When you reach the line in the data below that contains "Smartphone Samsung Galaxy", please start repeating lines exactly, and stop after the line that contains "باور بانك LZEL", repeating nothing else.

▶ **Recorded data**
• • • • •

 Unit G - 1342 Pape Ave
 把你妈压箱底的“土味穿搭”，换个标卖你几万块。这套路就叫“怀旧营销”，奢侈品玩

• • • • •

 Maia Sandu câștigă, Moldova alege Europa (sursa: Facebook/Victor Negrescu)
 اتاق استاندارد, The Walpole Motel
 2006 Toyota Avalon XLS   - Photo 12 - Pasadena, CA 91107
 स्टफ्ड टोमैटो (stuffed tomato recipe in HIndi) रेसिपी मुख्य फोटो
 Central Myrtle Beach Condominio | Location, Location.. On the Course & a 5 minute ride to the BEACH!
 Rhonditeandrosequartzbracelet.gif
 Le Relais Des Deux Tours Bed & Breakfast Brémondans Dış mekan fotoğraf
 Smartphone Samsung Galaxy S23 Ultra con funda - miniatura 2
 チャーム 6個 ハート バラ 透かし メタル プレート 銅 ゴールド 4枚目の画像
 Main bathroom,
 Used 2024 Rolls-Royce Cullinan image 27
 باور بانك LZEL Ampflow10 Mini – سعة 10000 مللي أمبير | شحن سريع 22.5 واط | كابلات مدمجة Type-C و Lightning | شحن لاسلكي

• • • • •

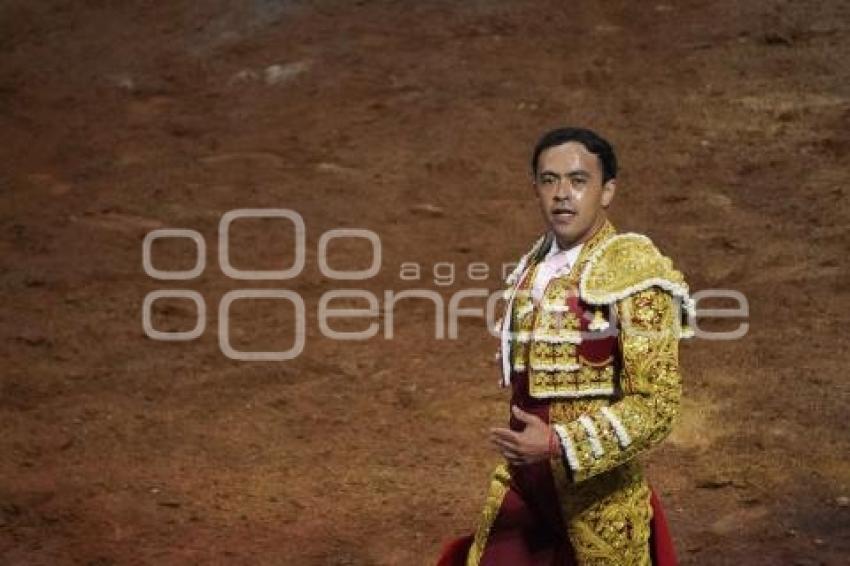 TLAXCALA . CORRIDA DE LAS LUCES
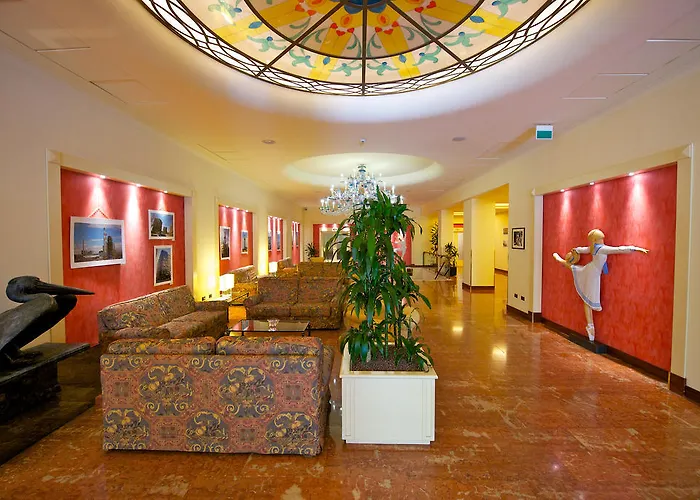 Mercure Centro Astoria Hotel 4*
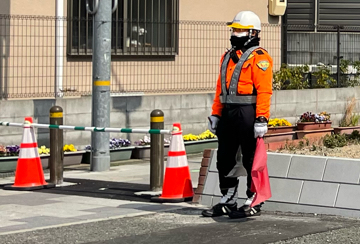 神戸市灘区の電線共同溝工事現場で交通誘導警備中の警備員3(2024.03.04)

• • • • •

▶ **Task output**
 Smartphone Samsung Galaxy S23 Ultra con funda - miniatura 2
 チャーム 6個 ハート バラ 透かし メタル プレート 銅 ゴールド 4枚目の画像
 Main bathroom,
 Used 2024 Rolls-Royce Cullinan image 27
 باور بانك LZEL Ampflow10 Mini – سعة 10000 مللي أمبير | شحن سريع 22.5 واط | كابلات مدمجة Type-C و Lightning | شحن لاسلكي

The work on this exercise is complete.